Step 4 — Notifications

  • Confirm confirmation email trigger
  • Validate email contents — Order ID, pricing, delivery address

Step 5 — Shipping

  • Confirm shipment record creation
  • Validate correct warehouse assignment

Step 6 — Audit & compliance

  • Confirm transaction log entry
  • Validate timestamp and user attribution

Architecture

BUCT runs on two components:

  • Control plane


    • Parses source code and PRDs
    • Generates business use cases
    • Maps requirements to test coverage
  • Agent


    • Executes end-to-end business flows
    • Handles setup and teardown per playbook
    • Validates runtime-generated values (dynamic IDs, timestamps)

Why the split?

The control plane (intelligence) stays separate from the agent (execution), making BUCT portable across any CI/CD system.


Key capabilities

  • AI-driven flow generation


    Use cases generated directly from PRD text — no manual scripting.

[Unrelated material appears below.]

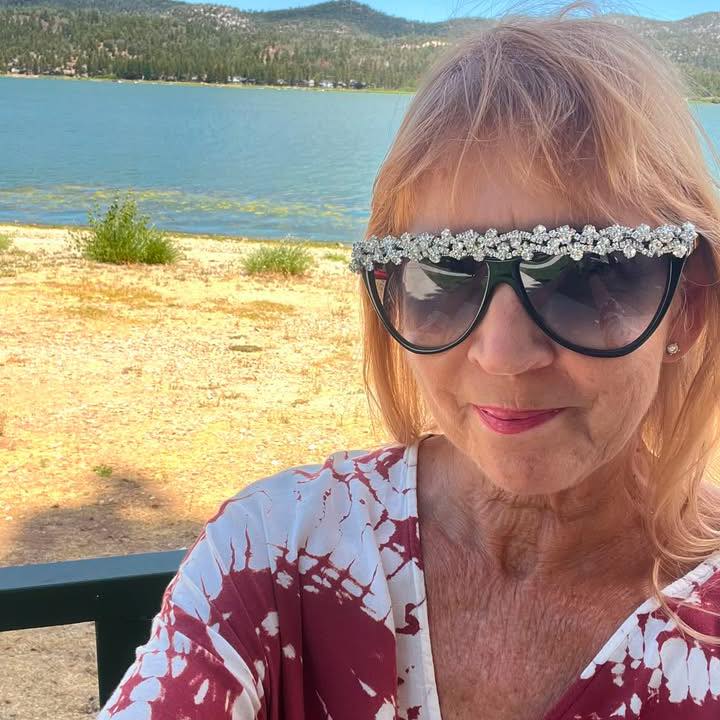 Happy Thursday! I hope all of you are having an incredibly blessed day ...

  • Cross-service orchestration


    Validates workflows spanning multiple services, not just individual endpoints.

  • Playbook composability


    Reusable, version-controlled playbooks reduce duplication across test suites.

  • Deterministic execution


    Consistent results for AI-generated code across environments.

  • Revenue-path confidence


    Prioritises validation of business-critical flows over low-level noise.